Instead of the previous conventional shared storage implementation
of using a logical volume manager to give host machines access to
the raw devices providing the shared storage, embodiments of the
invention use a clustered volume manager (e.g., a logical volume
manager (LVM)) to implement a file system per VM. Specifically,
each VM is associated with a logical volume that is defined as a
separate file system. Each file system contains all the data and
metadata pertinent to a single VM. This eliminates the need to
synchronize most metadata changes across host machines and allows
scaling to hundreds of nodes or more.
[0019] FIG. 1 is a block diagram of a virtualization system 100
according to an embodiment of the invention. Virtualization system
100 may include one or more host machines 110 to run one or more
virtual machines (VMs) 112. Each VM 112 runs a guest operating
system (OS) that may be different from one another. The guest OS
may include Microsoft.TM. Windows.TM., Linux.TM., Solaris.TM.,
Macintosh.TM. OS, etc. The host machine 110 may also include a
hypervisor 115 that emulates the underlying hardware platform for
the VMs 112. The hypervisor 115 may also be known as a virtual
machine monitor (VMM), a kernel-based hypervisor or a host
operating system.
[0020] In one embodiment, each VM 112 may be accessed by one or
more of the clients over a network (not shown). The network may be
a private network (e.g., a local area network (LAN), wide area
network (WAN), intranet, etc.) or a public network (e.g., the
Internet). In some embodiments, the clients may be hosted directly
by the host machine 110 as a local client. In one scenario, the VM
112 provides a virtual desktop for the client.
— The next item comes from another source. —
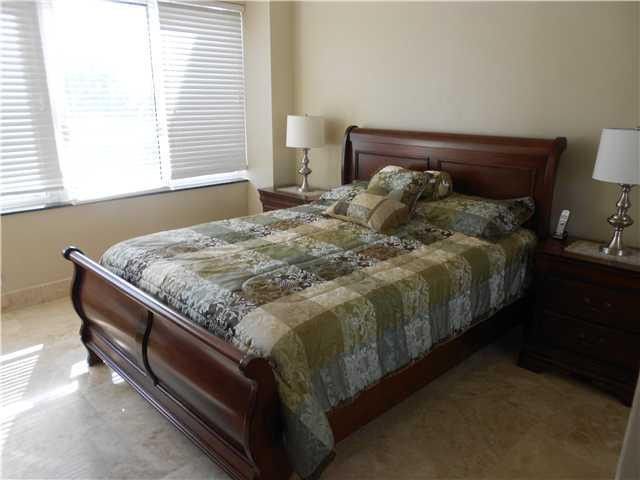 3233 NE 34th Street 322, Fort Lauderdale, FL 33308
[0021] As illustrated, the host 110 may be coupled to a host
controller 105 (via a network or directly). In some embodiments,
the host controller 105 may reside on a designated computer system
(e.g., a server computer, a desktop computer, etc.) or be part of
the host machine 110 or another machine. The VMs 112 can be managed
by the host controller 105, which may add a VM, delete a VM,
balance the load on the server cluster, provide directory service
to the VMs 112, and perform other management functions.
[0022] In some embodiments, the operating system (OS) files,
application files, and data associated with the VM 112 may all be
stored in a file or device that sits somewhere in a shared storage
system 130 that is accessible to the multiple host machines 110 via
network 120. When the host machines 110 have access to this data,
then they can start up any VM 112 with data stored in this storage
system 130.
[0023] In some embodiments, the host controller 105 includes a
storage management agent 107 that monitors the shared storage
system 130 and provisions storage from shared storage system 130 as
necessary. Storage management agent 107 of host controller 105 may
implement a logical volume manager (LVM) to provide these
services.
[0024] Embodiments of the invention also include a host storage
agent 117 in the hypervisor 115 of host machine 110 to allocate a
single logical volume 146 for a VM 112 being created and also to
create a file system 148 on top of the single logical volume 146.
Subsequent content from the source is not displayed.